The original blonde bombshell, Mae West (1893-1980) was an actor, singer, dancer, writer, and comedian who created and controlled her career with an iron grip. Raised by a stage mother with her own thwarted dreams, little Mary Jane sang and performed for crowds as a child, becoming a professional vaudevillian by age 14. She even made it in a Broadway show at age 18. Early on, she seemed to realize her knack for risqué comedy more based in witticisms and double entendres as opposed to something like stripping. She later said, “My advice for those gals who think they have to take their clothes off to be a star is: baby, once you’ve boned, what’s left to create an illusion? Let ’em wonder. I never believed in givin’ ’em too much of me.”
West wrote her own material, including a notorious Broadway play Sex in 1926, which packed in 375 performances before being shut down, and West was jailed for 10 days. Even more successful was 1928’s Diamond Lil, also written and acted by West. This one gained the attention of Hollywood, where she had a small role in a 1932 film, rewriting the part for herself and stealing every scene. Paramount Pictures then turned her Diamond Lil into She Done Him Wrong — a massive hit that saved the studio from bankruptcy.
Mae West made less than a dozen films, but she was the highest paid woman in the 1930s, acting and writing most of her own movies. While she tended to play the same type of character, this was always a woman in charge. She exuded sex appeal, but always on her own terms, for her advantage.

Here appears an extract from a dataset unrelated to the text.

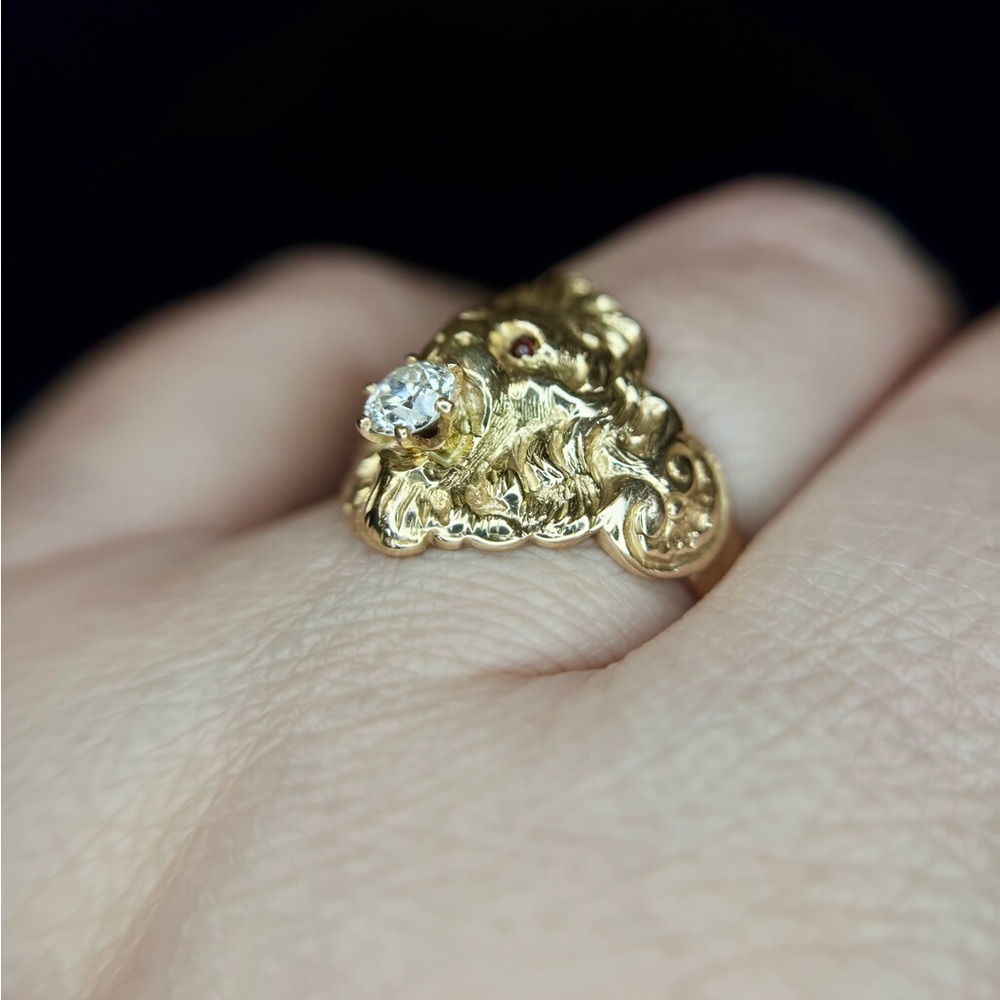 Antique Victorian Lion Ring featuring a Old European Cut Diamond 14k Yellow Gold - Picture 6 of 16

She was ahead of her time in this attitude, saying: “I freely chose the kind of life I led because I was convinced that a woman has as much right as a man to live the way she does if she does no actual harm to society.” Censorship and morality crusades tried to keep her down, but West persisted, going from movies back to the stage, and then capping her career with a last few movies.
Since her most memorable role of Diamond Lil was set in the 1890s, some of Mae West’s work qualifies as frock flicks, so let’s go up and see her sometime!
Lady Lou in She Done Him Wrong (1933)



Ruby Carter in Belle of the Nineties (1934)

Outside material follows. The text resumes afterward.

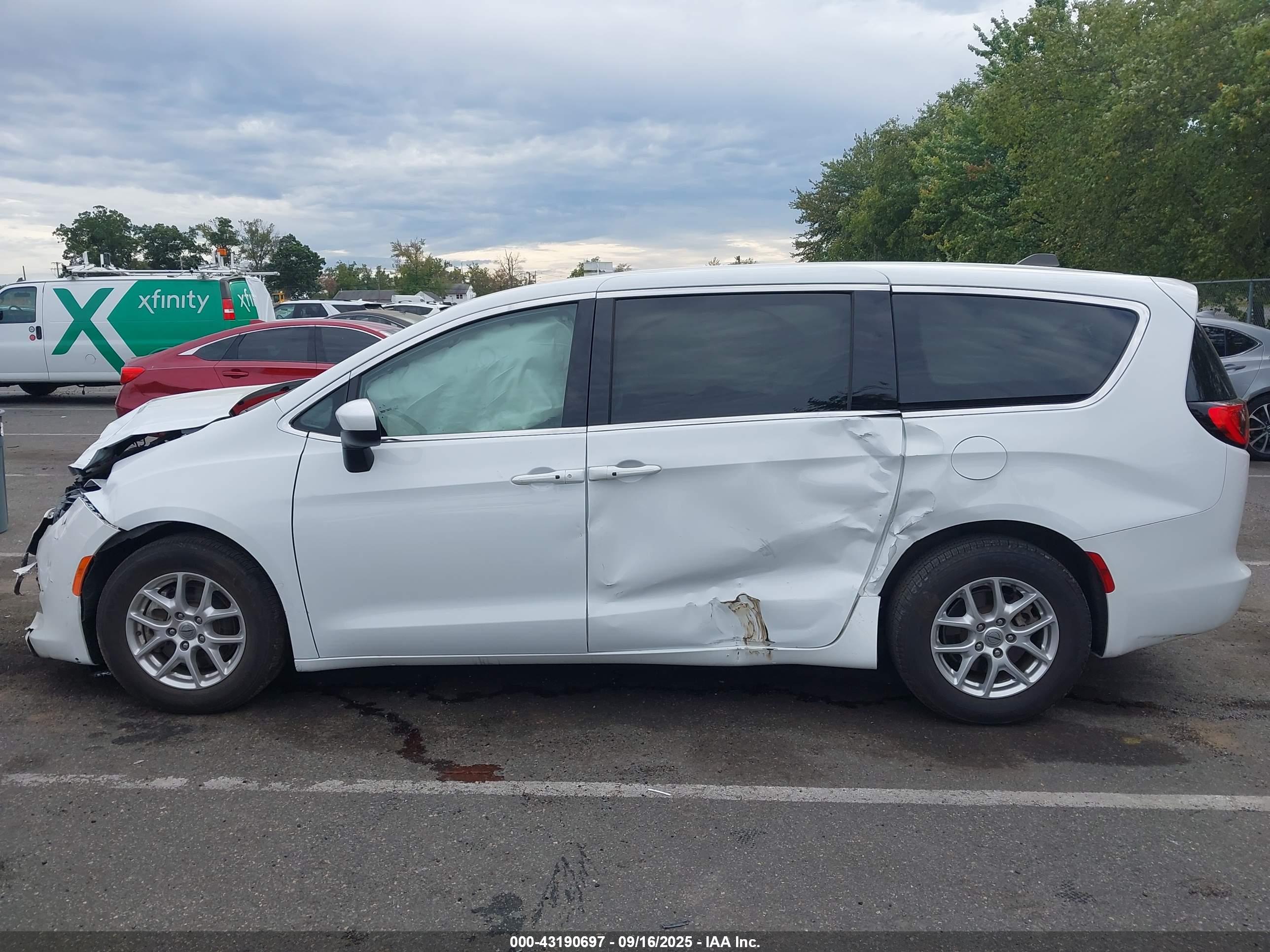 CHRYSLER VOYAGER image 6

Rose Carlton in Klondike Annie (1936)

Peaches O’Day in Every Day’s a Holiday (1937)

Flower Belle Lee in My Little Chickadee (1940)

How do you remember Mae West?




















I don’t think I’ve ever seen a Mae West film, but I’m intrigued by the photos! Her costumes always look so glamorous
I love Mae West. She Done Him Wrong is a great film, and it may not have launched Cary Grant’s career, but it certainly helped launch Edith Head’s.
I actually went to see her final film Sextette, mainly because Timothy Dalton was in it.
I believe that in the thesaurus ‘Mae West’ appears as a synonym for ‘Va-va-voom’, ‘Yowza!’ and ‘Wowee!’.
Looking at these pictures one can certainly see why.
Has anyone noticed we never see her feet?
Maybe because she’s wearing very tall platform shoes. She was actually very short!
In WW2 a “Mae West” was a type of inflatable life jacket, which per Merriam-Webster gave its wearer “a buxom appearance.” She looked as if she’d been poured into her gowns! She had her own kind of swaggering walk which always reminded me a little of John Wayne, no less. Some people claimed she was really a man, but that theory was debunked.
“I’ve been in Who’s Who, and I know what’s what, but it’s the first time I’ve been in the dictionary.”
I love her one liners and her bravery against censors.
But i’ve read her autobiography. It’s a monument of montruous ego and self celebration.
Every Day’s a Holiday: the costumes for this are by Elsa Schiaparelli! Apparently the dressmakers form Mae West sent to Paris so stunned the designer that she used it as inspiration for her famous torso shaped “Shocking!” perfume bottle
Where I live there is a curvy road and it is still called “Mae West Bend” decades later. She was fun actress to watch on screen.